Pedigree of the family and the results of the restriction digest and allele-specific PCR. Because M605I results in a gain of a restriction site, digestion of exon 14 with SfcI results in an additional 181 DNA band in the patient and her unaffected brother ...

Expression studies

To investigate the effect of the identified MUSK mutations on expression and function of MuSK we engineered the identified MUSK mutants using site-directed mutagenesis of human and mouse full-length MuSK cDNA constructs and expressed them in human heterologous cells and mouse C2C12 and MuSK−/− myotubes.

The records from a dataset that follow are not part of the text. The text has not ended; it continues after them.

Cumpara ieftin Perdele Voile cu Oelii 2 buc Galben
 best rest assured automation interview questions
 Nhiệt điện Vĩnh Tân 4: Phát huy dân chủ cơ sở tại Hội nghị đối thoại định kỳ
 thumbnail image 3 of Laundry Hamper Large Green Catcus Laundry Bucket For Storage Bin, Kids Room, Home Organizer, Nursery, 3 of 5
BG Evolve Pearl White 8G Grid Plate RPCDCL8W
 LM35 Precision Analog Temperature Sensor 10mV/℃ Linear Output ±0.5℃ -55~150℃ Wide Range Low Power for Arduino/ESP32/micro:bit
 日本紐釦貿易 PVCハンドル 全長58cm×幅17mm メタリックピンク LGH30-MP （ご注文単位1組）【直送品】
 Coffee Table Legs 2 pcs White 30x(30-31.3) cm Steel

M605I and A727V result in mild decreased expression without significant change of stability of MuSK

To assess the expression of MUSK mutants in heterologous cells we co-transfected either the human wild-type (WT) or one of the MUSK mutants along with green fluorescent protein (GFP) into HEK 293 cells and evaluated MuSK expression by incubating the whole cell lysate (WCL) with an anti-MuSK antibody. Figure 4A shows a representative example of a total of 12 transfections and demonstrates that the expression of MuSK in cells transfected with M605I- and A727V-constructs is reduced compared with the expression of MuSK in cells transfected with the WT construct. In addition, cells that were exposed to the protein biosynthesis-inhibitor cycloheximide showed that, overall, there were no significant differences in the rate of degradation of MuSK in cells transfected with the WT or MUSK mutant constructs. An example of a total of eight transfection experiments showing MuSK expression in cells exposed to cycloheximide is shown in Figure 4B.

Figure 4.
Expression and stability of MuSK mutants in HEK 293 cells. (A) A western blot analysis in cells co-transfected with WT or MUSK mutants and GFP using a polyclonal anti-MuSK goat antibody demonstrates reduced expression of MuSK in cells transfected with ...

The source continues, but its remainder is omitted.